A local cattle trader at the Gabtoli cattle market Fasial Rahman said most people prefer local cows to imported ones.
“Although the cost of a local cow is higher most people prefer them to imported ones because they taste better and are raised in a clean environment and a healthy diet,” said Rahman.
Stakeholders have urged the government to not allow imported livestock into the market this year since there is enough supply. According to LDS, this year demands may rise to about 11 million from 10 million in the last year.
Challenges and ways forward
Bangladesh cattle rearing industry has a great opportunity to grow because about 95% of people consume red-meat. But there are challenges especially in supplying meat at reasonable prices.
“In reaping the maximum benefits from this emerging sector, the government has to withdraw tax on import of food and modern technology to bring the industry up to date,” said Bangladesh Dairy Farmers' Association General Secretary Shah Emran.

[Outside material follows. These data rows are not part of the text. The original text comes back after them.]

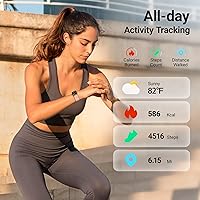 Fitpolo IDW28 Smart Watch — image 3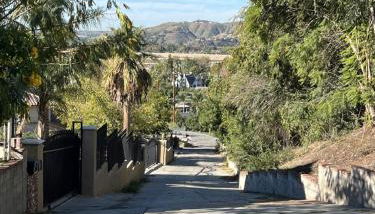 B and G Studio Space Guesthouse - Foto 4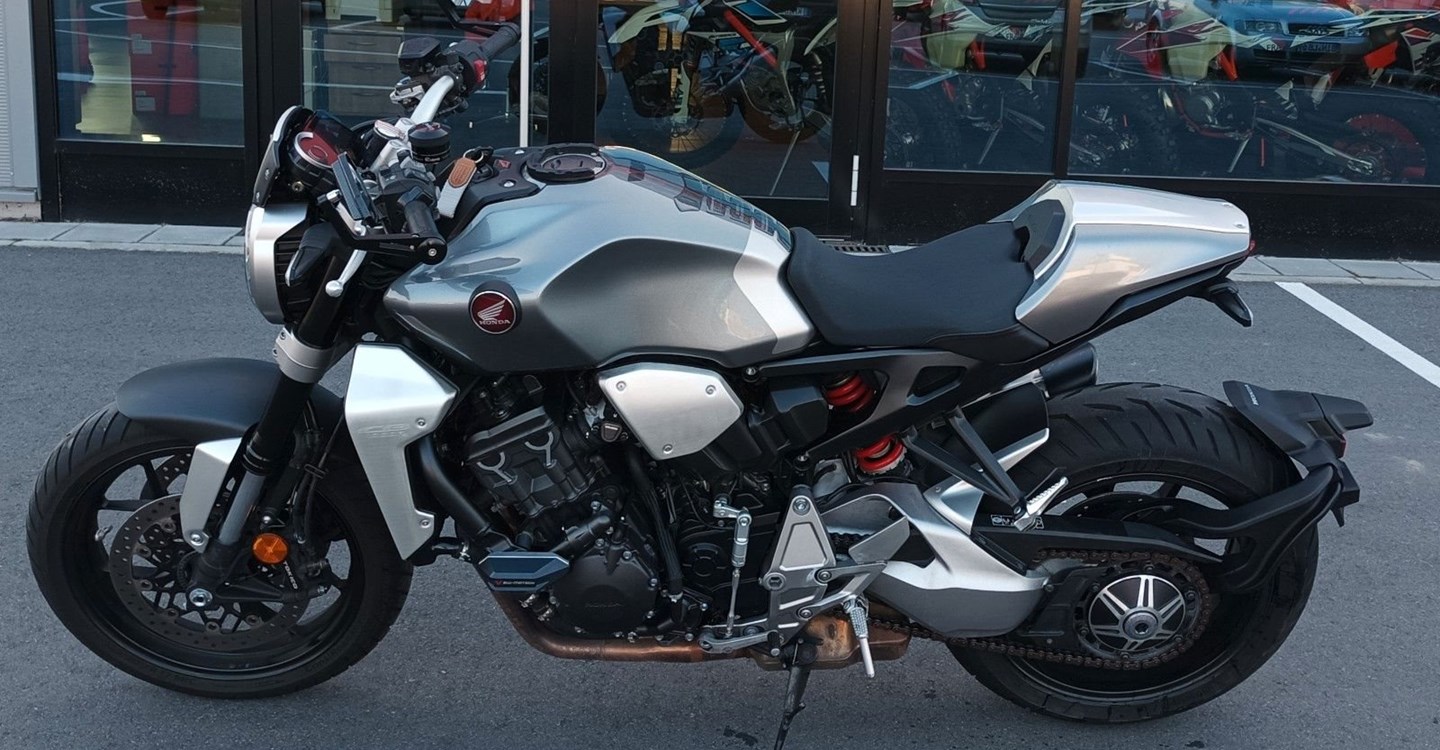 Angebot Honda CB 1000 R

He believes that to reduce production costs the sector needs to introduce technology and low cost food.
“On the other hand, the sector should be declared as agriculture and the utility services including electricity, water should be provided under the sector instead of industry. Currently, the farmers are paying utility services bill at the industrial rate.
“Moreover, the government has to fully impose the ban on the import of cattle from other countries. If that is done, the sector will see a huge investment from home and abroad creating employment opportunity,” he added.